The Philippines’ Department of Trade and Industry has been actively coordinating with industry associations for the formulation of industry roadmaps since 2012. This has led to a new industrial policy aimed at reviving the manufacturing industry. The government recently allocated US$1.5 million to a new program dubbed the Manufacturing Resurgence Program, which aims to support the implementation of the Philippine Manufacturing Industry Roadmap. A large part of the program is the establishment of an Industry Development Council composed of representatives from various government agencies and private sector groups. The Council will monitor the Roadmap’s implementation and recommend policies and programs to address binding constraints to manufacturing growth and development.
This is crucial for two reasons. First, it will enable the Philippines to take advantage of opportunities and negotiate challenges arising out of the ASEAN Economic Community (AEC). Second, and more importantly, it will ensure the creation of quality jobs and the attainment of sustainable and inclusive growth as reflected in the country’s Updated Development Plan.
The experiences of the last two decades have shown that the Philippines cannot leapfrog industrialisation and rely on the service sector alone to achieve sustainable and inclusive growth. A large and competitive manufacturing sector is required. Manufacturing provides opportunities for high-skilled, semi-skilled and low-skilled workers, and can thus support the development of a nation’s human capital. The transformation of the sector currently underway in the Philippines should also support the movement of workers from the informal to the formal sector as well as from low value-added to high value-added activities where wages and compensation are greater.
At the heart of the Philippine Manufacturing Industry Roadmap for Structural Transformation is the development of the automotive industry through its integration into the production and sales systems of global automakers. A car has over 30,000 parts and its construction is dependent on metal, chemical, plastic, textile, rubber, glass, steel, electrical and other manufacturing subsectors. As a consequence, through inter-industry and supply-chain linkages, auto manufacturing can have a large multiplier effect in an economy because any expansion in the automotive industry drives growth in feeder industries. While the Philippines’ domestic production of automobiles is currently limited, there are clear opportunities to increase production as the country’s middle class grows and AEC integration creates an open market of over six million people. The third wave of ASEAN motorisation is also expected to reach the Philippines by 2016.

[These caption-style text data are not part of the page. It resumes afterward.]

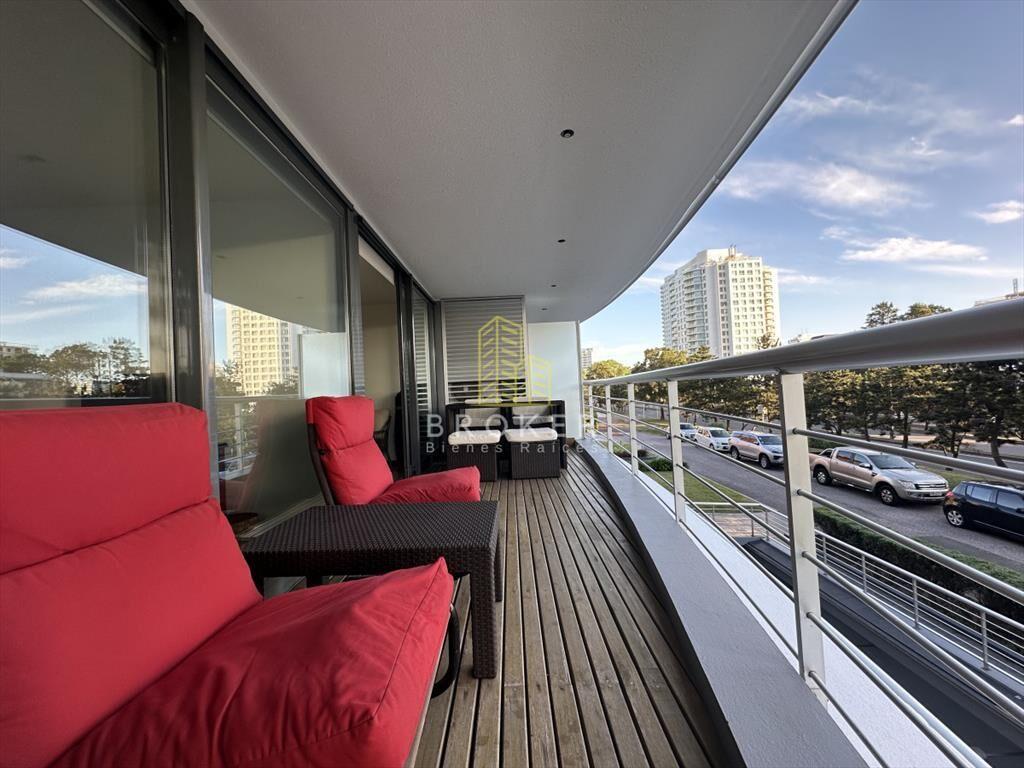 Venta de apartamento de dos dormitorios a media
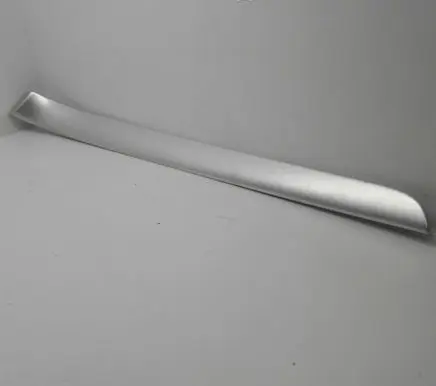 Audi A4 S4 B7 8E 8H Front door trim bar 8E0867409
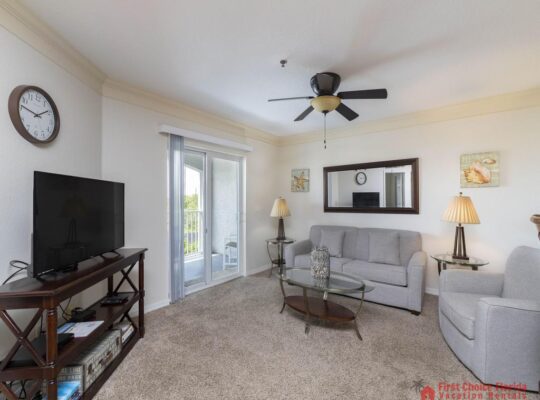 Oceanfront Resort ~ 3 Pools ~ Excellent Location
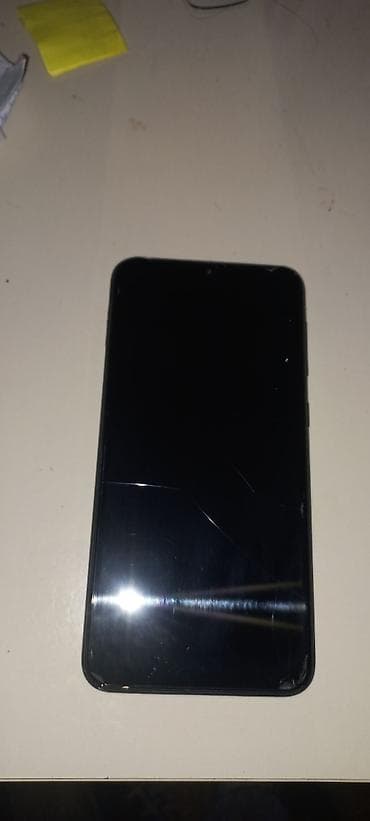 ikinci el iphone xr: Samsung A10e, 32 GB, rəng - Qara, İki sim kartlı — 3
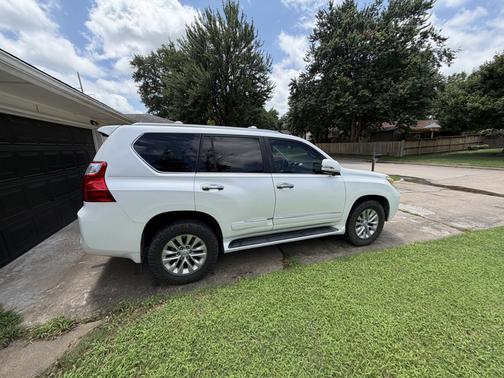 White 2010 Lexus GX 460 Premium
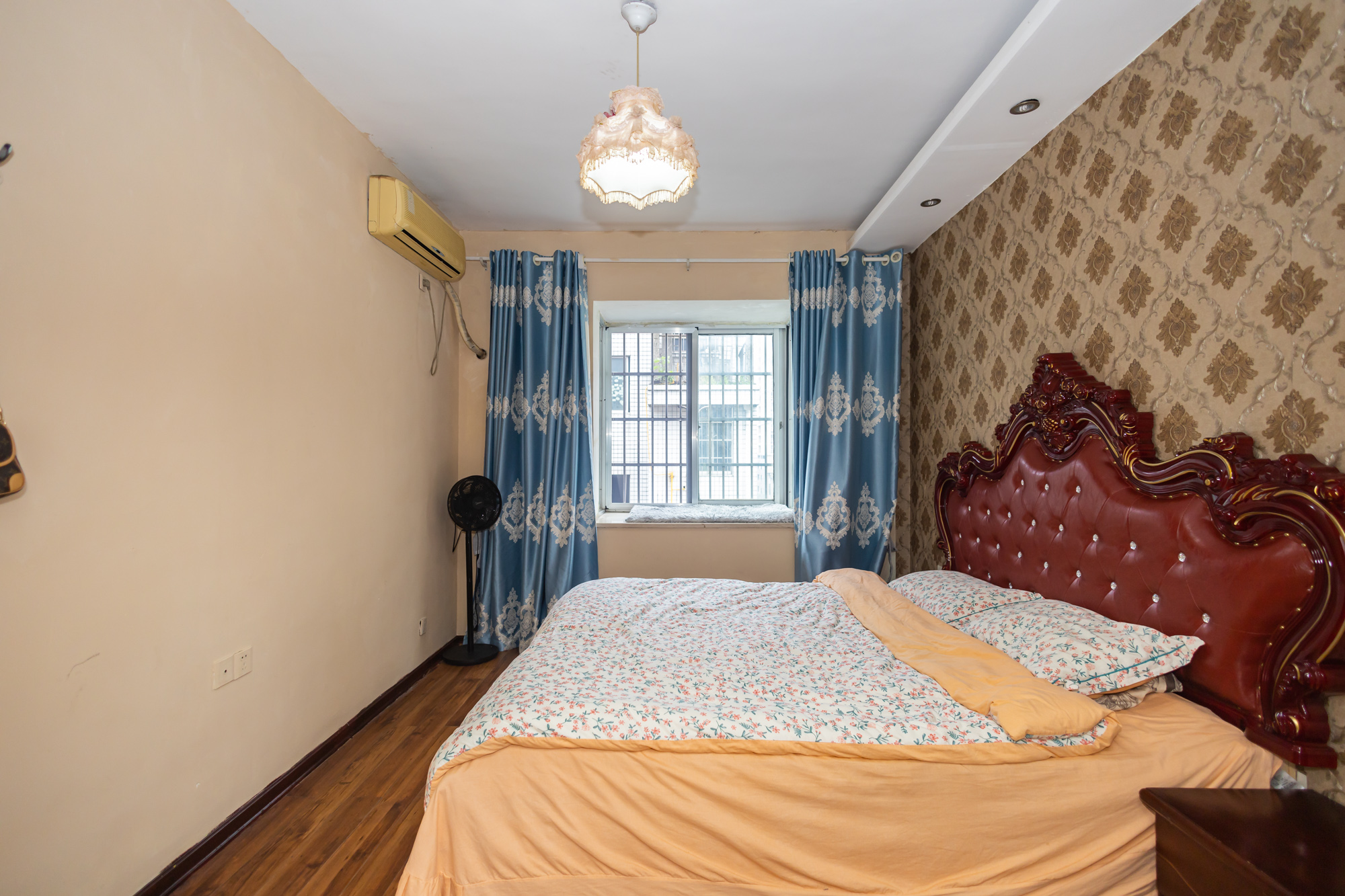 湘绣城  3室2厅1卫    49.9万 湘绣城  3室2厅1卫    49.9万卧室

The goal of the New Auto Program is to attract foreign direct investment (FDI) in assembly and component manufacturing to enable the Philippines to deepen its participation in the global value chains of multinational companies. Global value chains are a new form of industrial organisation where different stages in the construction of a finished good are located in different geographical areas in order to minimise production costs. Suppliers of components usually follow where assemblers locate their operations. This has been the experience of several emerging market economies including China, Brazil and Thailand, where massive inflows of FDI into assembly attracted many new component companies that followed their major customers.
To ensure the Philippines can achieve similar results, a comprehensive mix of policies will be crafted to stimulate demand and effectively regulate the industry. If it inspires new investments in the automotive industry, the New Auto Policy could not only catalyse growth within the industry but also drive broad-based manufacturing growth and economic transformation across the Philippines.
The Manufacturing Industry Roadmap will coordinate measures to address the most binding constraints that prevent the entry of firms into the Filipino manufacturing sector and hinder their integration into global value chains. The goal is to help markets work better by developing an investment strategy, optimising supply-chain integration, improving regulation, making education more industry appropriate, and encouraging industrial clustering to achieve agglomeration effects and reduce transaction costs.
The present administration’s effective implementation of the Manufacturing Roadmap is crucial and timely given the success of governance reforms that have led to the economy’s recent strong performance and the growing interest of investors, who are now seriously looking at the Philippines as a good place to do business.
Rafaelita M. Aldaba is Senior Research Fellow at the Philippine Institute for Development Studies.